Dilma, ONU e agenda fixa

Dilma falou grosso na ONU. E a Mídia brazuca desdenhou, salvo o editorial da Folha.

Mas hein ?

Sim. O diário dos Frias registrou o acerto da presidenta nas críticas à espionagem americana. Além disso, ressaltou o fato de que Obama fingiu que não era com ele. Não chega a ser um elogio, mas uma análise equilibrada de qualquer ato que venha do Planalto neste momento chega a ser notável. Se não fosse atípica.

Porque na mesma edição do jornal um dos seus colunistas, Fernando Rodrigues, classificou o discurso de Dilma como baboseira. Desqualificou a ONU como instância para discussão e efetivação de ações reparatórias. E lembrou que, como correspondente em Nova York, “convivi com diplomatas e funcionários públicos mundiais por algum tempo. Ineficiência e inutilidade são as duas palavras que me ocorrem para definir o que presenciei de perto.”

Adjetivos que podem ser associados a muitos outros lugares. Algumas redações, por exemplo.

A manifestação de indignação de Dilma é legítima. Nada menos do que foi dito em relação à arapongagem ianque era esperado de uma (atenção) estadista. Fosse do Brasil, dos Estados Unidos ou de Burkina Faso. A postura brasileira na Assembléia Geral, muito além do ufanismo, foi um desabafo mundial à truculência digital americana. Difícil acreditar que algum diplomata, de qualquer país e por mais reservado e polido que seja, não concordasse com as palavras da presidenta.

E são, sim, apenas palavras o que se tem pra hoje. Qual seria a outra forma de dissenso ? A guerra ? Parece-me fora de questão…

A ineficácia da ONU na maioria das questões tem dois culpados: os Estados Unidos e o resto do mundo. O poderio econômico/militar americano lhe arroga a autoridade de síndico global. E o resto do mundo submete-se a isso, às vezes por bem, às vezes por mal. Muitas vezes, não há alternativa.

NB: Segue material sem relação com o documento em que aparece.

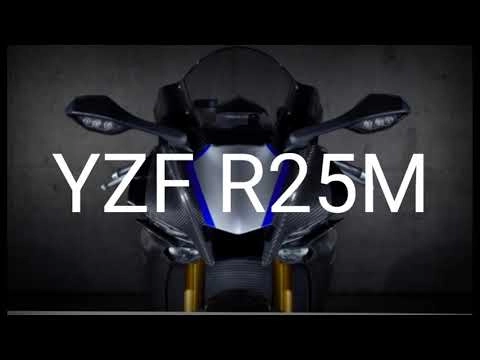Yamaha sẵn sàng cho dự án r25m để đánh bại zx-25r - 1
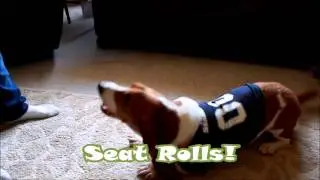 Basset Hound Tricks - Barkley The Basset Seattle Seahawk Fan VS Bronco Fan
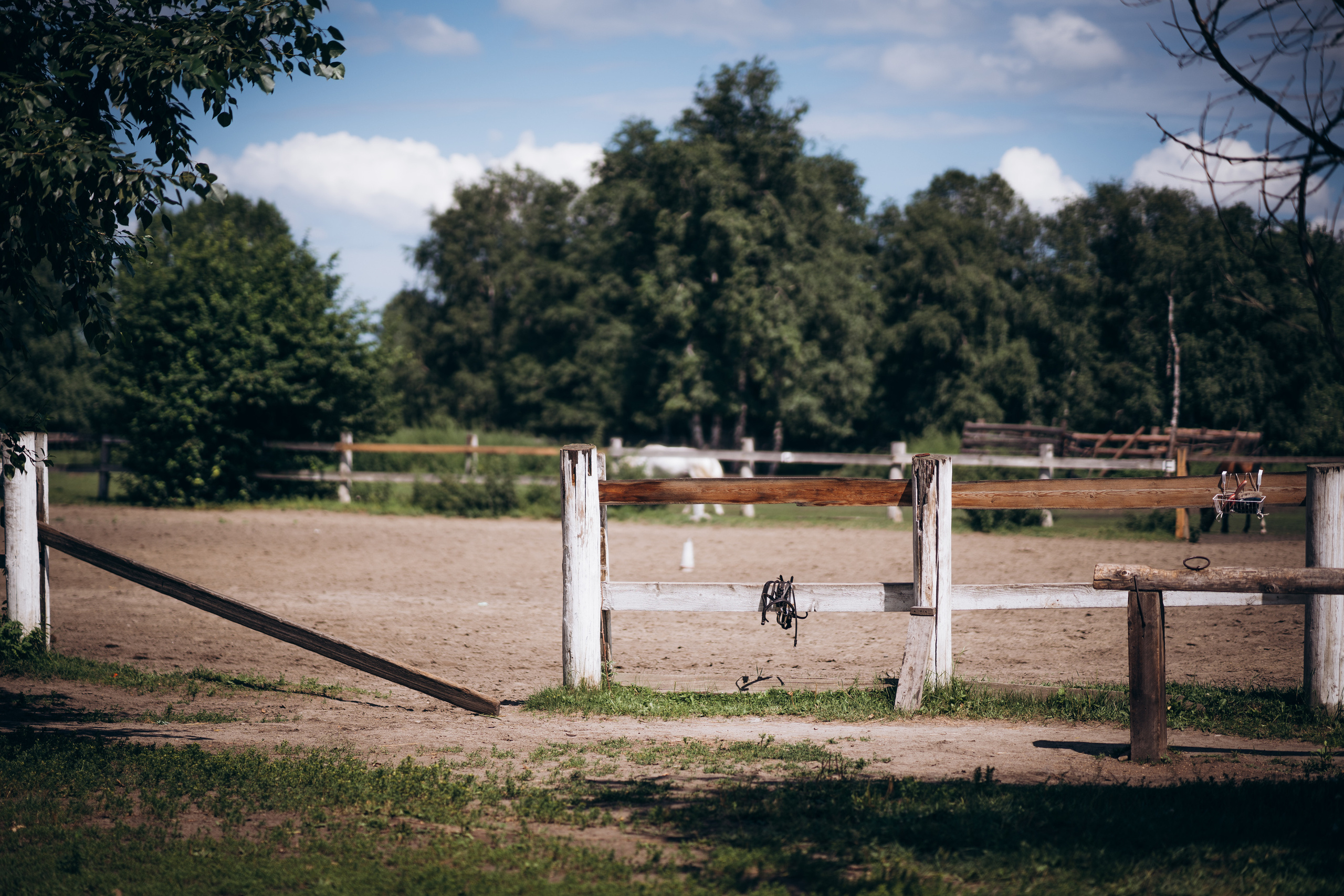 Мария и Руслан. Фотограф Ангарск Иркутск Ксения Король
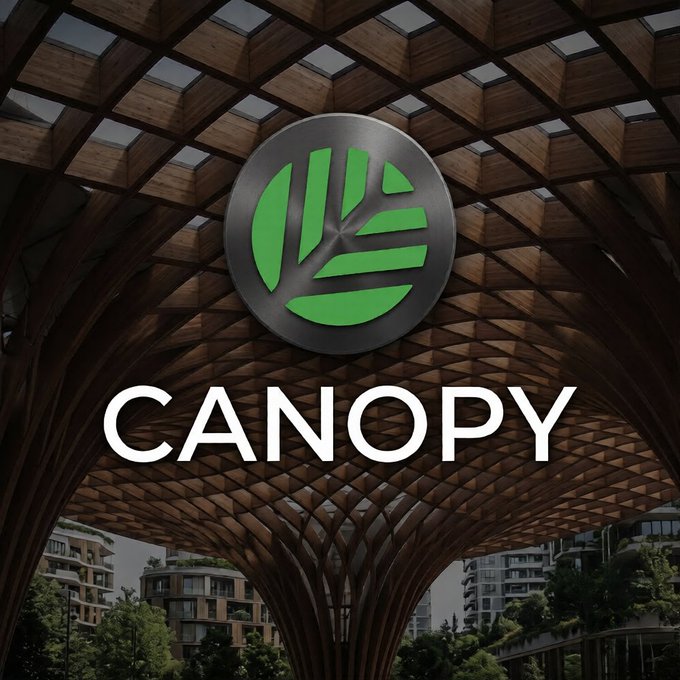 A logo for 'CANOPY' featuring a green leaf design on a metallic circle, set against the backdrop of a geometric wooden architectural canopy structure.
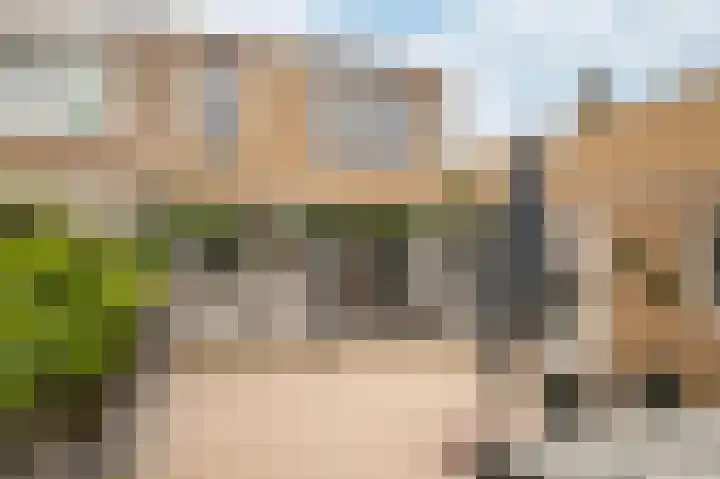 Heggewikke 31 Landgraaf thumbnail 20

Dilma é criticada até quando acerta, e isso parece ser a agenda fixa da Grande Mídia. Mas nesse caso ela não bateu de frente com uma figura nacional que conte com a, digamos, simpatia da imprensa. Ela bateu de frente com Obama. Este sim, merecedor de todas as críticas. Esperamos, contudo. Deitados, óbvio.

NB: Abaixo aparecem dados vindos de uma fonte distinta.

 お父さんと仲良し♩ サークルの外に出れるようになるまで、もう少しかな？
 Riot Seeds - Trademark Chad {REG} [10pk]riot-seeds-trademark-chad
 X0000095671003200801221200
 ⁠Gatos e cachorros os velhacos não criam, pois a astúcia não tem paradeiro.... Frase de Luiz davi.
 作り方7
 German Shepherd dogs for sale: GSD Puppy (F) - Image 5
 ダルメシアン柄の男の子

Mas Rodrigues poderia ter feito pior. Poderia ter feito como o consórcio Merval Pereira/O Globo, a simbiose master da Mídia tupiniquim.

Nosso colunista preferido associou o duro discurso de Dilma à agenda eleitoral de 2014. Uma campanha muita cara, imagino, pois internacional. Não me ocorria que cidadãos de outros países pudessem votar no Brasil.

Voltamos à agenda fixa. Provavelmente, nem o TSE se preocupa tanto com eleições quanto à Mídia. Preocupação tão seletiva quanto precipitada. Dilma liderava pesquisas de intenção de voto, e com boa vantagem, antes das revelações de espionagem. E antes da reação, portanto. Nada que vá alterar muito o quadro. A não ser que “algo” aconteça ? Um “escândalo” ? Um novo “personagem” ? Um novo “partido” ?

O ato de tirar os sapatos nos aeroportos de Washington e Nova York, protagonizado por Celso Lafer em 2002, é mais simbólico do que qualquer outra coisa. De lá pra cá, a postura da diplomacia brasileira mudou muito.

A postura da Mídia, não.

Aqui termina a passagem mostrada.